On April 14, 2022, the UK and Rwanda signed an agreement known as the Migration and Economic Development Partnership. According to the agreement, some asylum seekers in the UK would be transferred to Rwanda, and their claims would be determined in Rwanda.

The idea was declared illegal by the UK Supreme Court in November 2023 because it is a violation of both international and British human rights agreements and legislation if people were transferred to Rwanda. Upon the UK Supreme Court’s decision, the Prime Minister of the UK responded by negotiating a new treaty with Rwanda and introducing new legislation, the Safety of Rwanda (Asylum and Immigration) Bill, which aims to circumvent legal barriers and declare the nation safe. Even if certain changes were made to the agreement, it is still widely criticised, particularly by the UNCHR.

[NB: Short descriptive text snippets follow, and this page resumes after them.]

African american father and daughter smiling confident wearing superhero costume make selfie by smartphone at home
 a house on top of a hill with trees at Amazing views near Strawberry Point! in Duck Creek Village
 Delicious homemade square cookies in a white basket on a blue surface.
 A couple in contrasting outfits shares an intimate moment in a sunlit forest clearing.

The Prime Minister of the UK indicated that the UK needs a “clear and effective deterrent” to prevent illegal migration to the country. However, is the method of deterring itself even legal? It is important to note that the 1951 Convention Relating to the Status of Refugees, to which the UK is a state party, prohibits punishment for unauthorised entry into a nation; hence, a person’s method of travel to the UK shouldn’t have an impact on their asylum claim. The 1951 Refugee Convention sets out refugees’ rights and the obligations of states to protect them.

UNCHR describes the partnership made between the UK and Rwanda an example of the externalization of international protection. Normally, an asylum seeker should be processed in the territory of the state where they arrive. However, with this partnership, responsibility is shifted from the UK to Rwanda. UNCHR also notes that previous externalization attempts have not been successful. As a result, an asylum seeker arriving in the UK will likely be transferred to a third country, regardless how strong that person’s refugee claim is. This situation contradicts the refugee law and the 1951 Convention.

Even if the UK government was persistent about Rwanda being a safe third country, neither the UK Supreme Court nor UNCHR found Rwanda safe enough to transfer the asylum-seekers. This claim is supporting by the fact that four Rwandans, who claimed that they were at risk from the regime, were granted refugee status in the UK while the agreement process was going on between the two states. 

On the other hand, the issue that most concerns the UNCHR is “refoulement”. According to the UNCHR’s assessment, there is no guarantee that asylum seekers will not be send back to their country of origin. To guarantee this, institutional implementations are required; the formal agreement between the states is insufficient.

As a result, the UNCHR considers that the agreement between the UK and Rwanda is incompatible with international refugee law and does not meet the necessary standards for the legitimacy and appropriateness of the transfer of asylum seekers.

References:

https://www.theguardian.com/world/2024/jan/27/revealed-uk-granted-asylum-to-rwandan-refugees-while-arguing-country-was-safe

https://www.refworld.org/docid/65a55d994.html?_gl=1*74jdpk*_rup_ga*MTgyMTY2NTQ5OC4xNzA1NDk5NTY0*_rup_ga_EVDQTJ4LMY*MTcwNjk3ODQxOC4zLjAuMTcwNjk3ODQxOC4wLjAuMA..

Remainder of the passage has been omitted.